● **Activity**
Below are records with pictures in them. Output exactly the lines from the one with "recurring revenue charge amount" through the one with "China Embroidery Donald", both included, and leave every picture out; give only those lines.

═════ Available data ═════

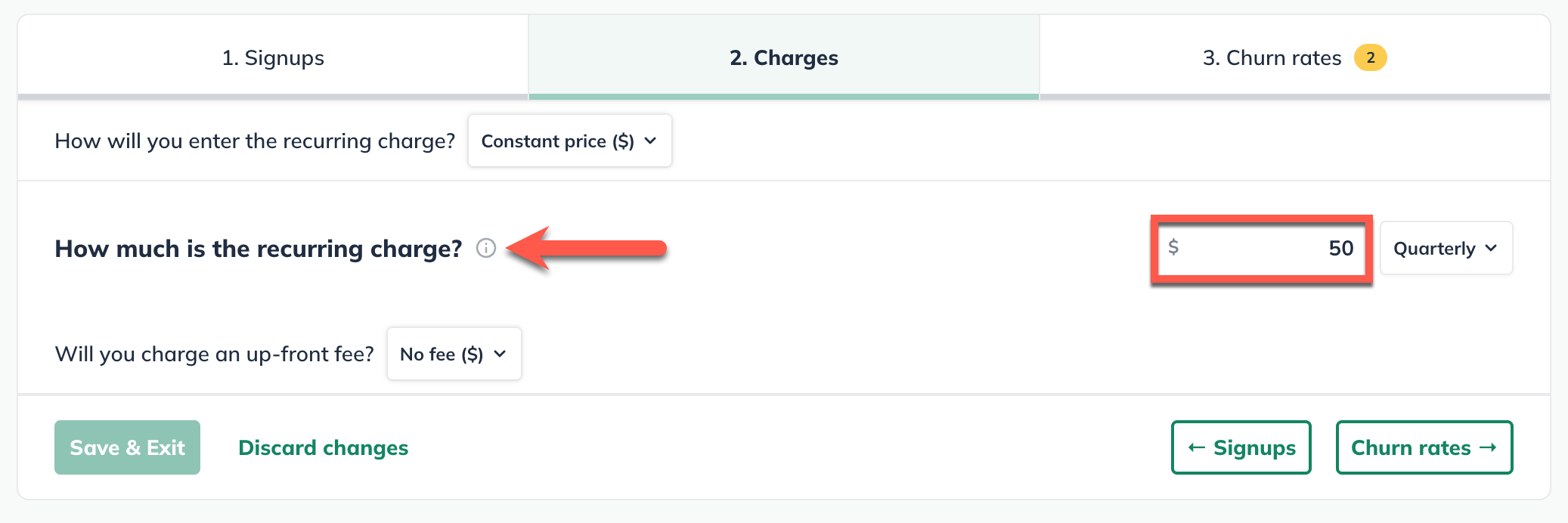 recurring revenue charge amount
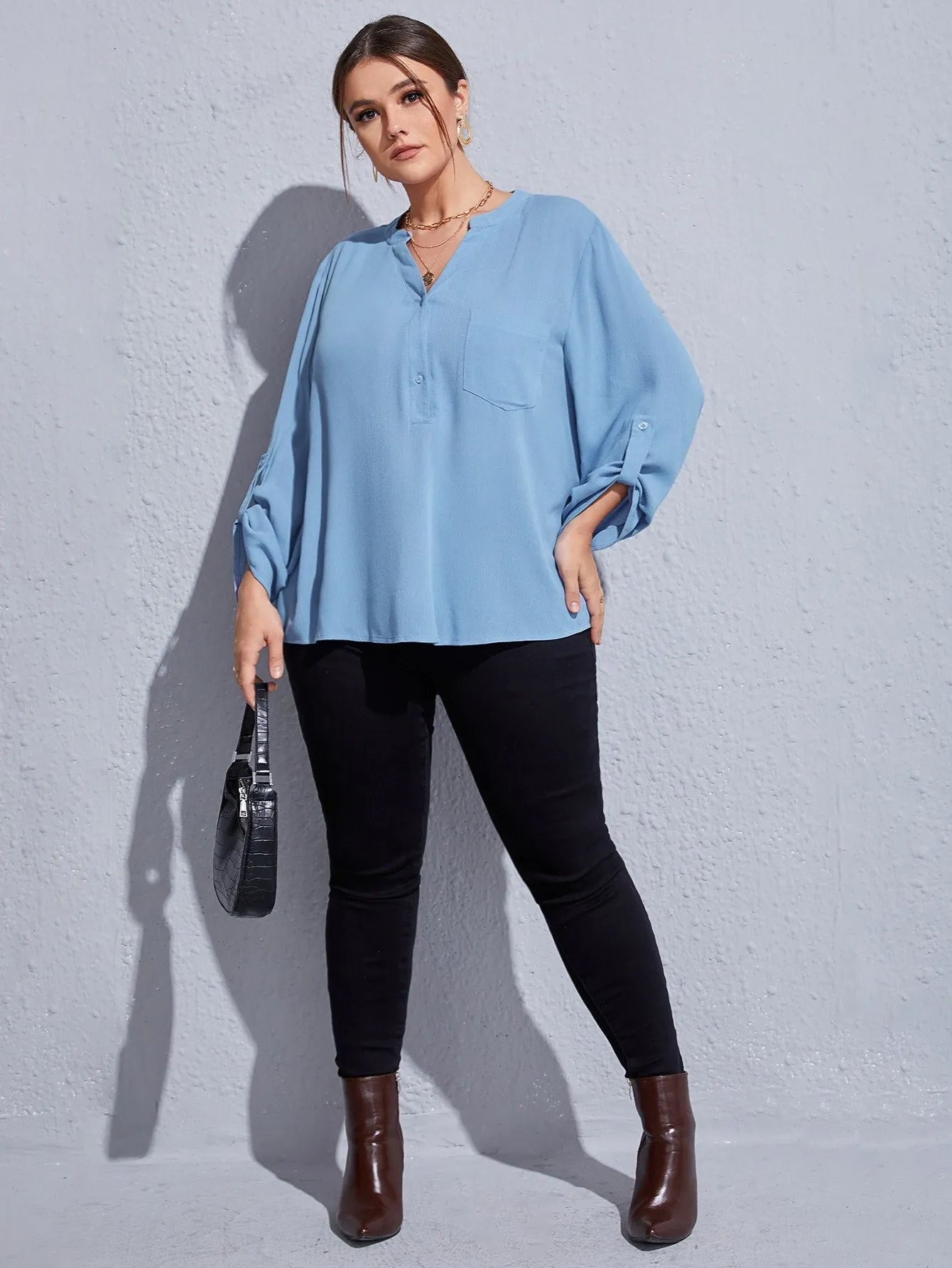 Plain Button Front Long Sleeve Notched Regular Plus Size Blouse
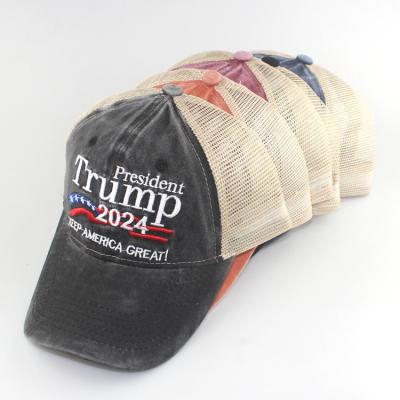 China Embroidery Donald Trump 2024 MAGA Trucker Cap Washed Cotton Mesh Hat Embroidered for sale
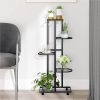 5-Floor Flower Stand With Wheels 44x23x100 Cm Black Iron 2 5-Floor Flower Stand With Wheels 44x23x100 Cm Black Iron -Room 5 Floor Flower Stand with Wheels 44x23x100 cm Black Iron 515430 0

═════
═════ Available data ═════

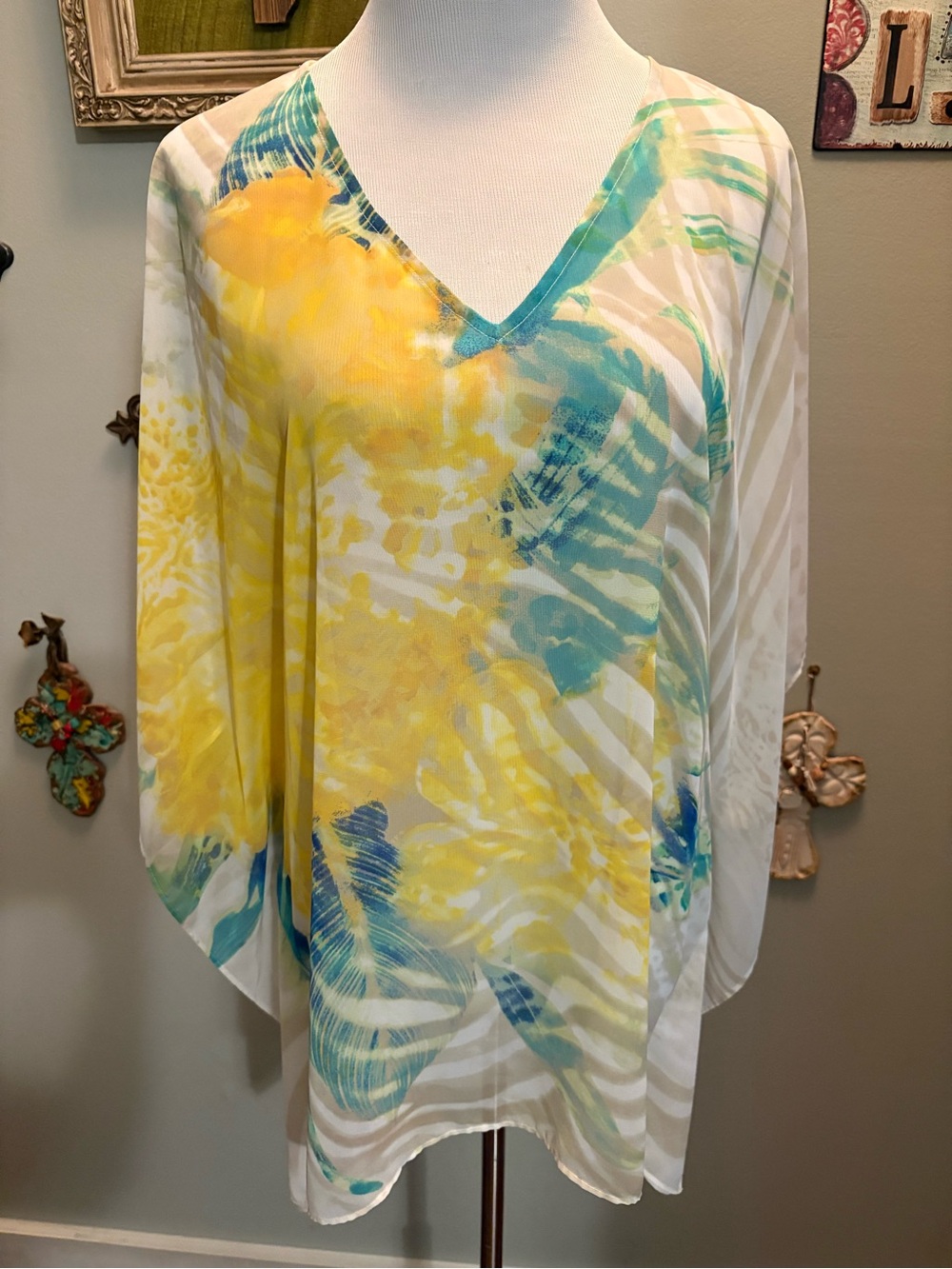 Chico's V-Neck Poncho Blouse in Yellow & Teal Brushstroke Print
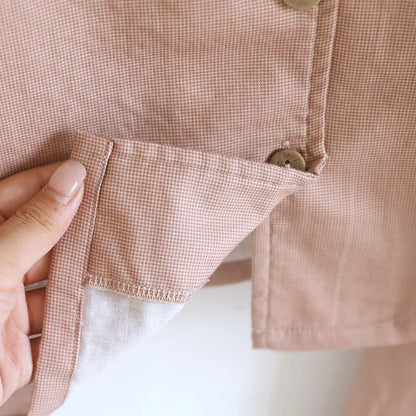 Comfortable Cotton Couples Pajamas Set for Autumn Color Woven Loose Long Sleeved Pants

═════

● **The answer**
 recurring revenue charge amount
 Plain Button Front Long Sleeve Notched Regular Plus Size Blouse
 China Embroidery Donald Trump 2024 MAGA Trucker Cap Washed Cotton Mesh Hat Embroidered for sale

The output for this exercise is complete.